September Awareness Month and we go gold

Did you know that September is Childhood Cancer awareness month?
Did you also know that the childhood cancer survival rate in small to medium-income countries like Zimbabwe is gravitating around 20% compared to 80% in the developed world?

With better knowledge it is possible to raise it higher!
There are a lot of solutions Zimbabwe as a nation can implement to promote early detection and treatment, ultimately improving the survival rate.
They say ignorance is expensive and indeed the nation continues to pay heavily as the morbidity and mortality rates continue to soar.

While it is relatively easy to tame other diseases, childhood cancer demands attention from across the divide of race, sex, and class because it doesn’t discriminate.

In a situation like this, the poor often find themselves on the receiving end given the expensive and winding nature of the disease.
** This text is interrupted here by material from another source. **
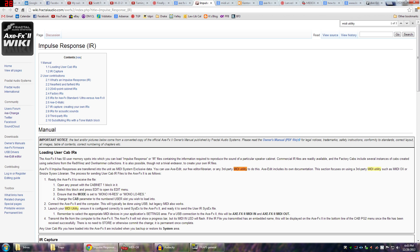And it talks about using this MIDI utility, which is crazy. I've never heard of it before, but I did some Googling, and I found out how to do it. And I wanted to share the process with you guys if you're trying to load some IRs into your Axe FX2, but you can't do it because there is no Axe Edit.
The stress reliever ball available at KidzCan Zimbabwe

It would also appear people largely do not know about childhood cancer as often there is confusion when a child is diagnosed with any one of the 6 common cancers most prevalent in Zimbabwe: neuroblastoma, retinoblastoma (eye cancer) bone, Wilms tumour (kidney) brain, and non-Hodgkin’s lymphoma.

Quite often there are simple exercises that people can engage in that may indicate if a child has cancer. For instance, in the case of retinoblastoma taking a flash photo of the eyes of a child could give some pointers.
Normal eyes have the same colour while a reflection or squint can indicate a need to visit the nearest health facility for screening.
And true to the adage that a stitch in time saves nine, this can save a life through early detection.
Imagine turning up at a hospital and it’s late, and suddenly you are faced with making a decision whether to recommend the removal of one or both of the eyes to save the life of the child while there was such a simple primary diagnosis.
There is always fear when parents and guardians are suddenly confronted with what would seem like an insurmountable decision, and as KidzCan Zimbabwe we find ourselves also offering psycho-social support on how we can walk together in the journey against childhood cancer.

From our perspective, our main interest is to save the life of the kid, we also want to save vision, hence early detection becomes an indispensable component of the treatment system.

Within a culturally oriented society like Zimbabwe, this danger of ignorance is somewhat amplified as sometimes over-reliance on traditional healers can lead to children being taken to inexpensive traditional and religious practitioners resulting in patients defaulting on their medical treatment.
At KidzCan Zimbabwe we do follow-ups on such patients only to get ignored by parents refusing to pick up our calls as they consult alternative solutions.

It is painful to see the same parents turning up late with the little patients upon realizing that they can no longer contain the situation on their own, and then all we can do is send the child to palliative care which is basically a medical caregiving approach aimed at optimizing quality of life and mitigating suffering among people with serious, complex, and often terminal illnesses.

As KidzCan Executive Director Daniel Mckenzie rightly noted, “cancer is cancer regardless of where a child is born, the treatment is the same and no child should die.
In fact, it is better to get 1 positive child out of 100 screened patients because that child is 100 % to their family.”

The month of September provides us with an opportunity to make ourselves and others more acquainted with childhood cancer and all its forms and the various diagnostics and treatments available.
The story of childhood cancer is one that is foreign to the general population and requires attention and many activities to cultivate traction.

It may sound cliché but knowledge really is power, and in this instance the power to save young lives!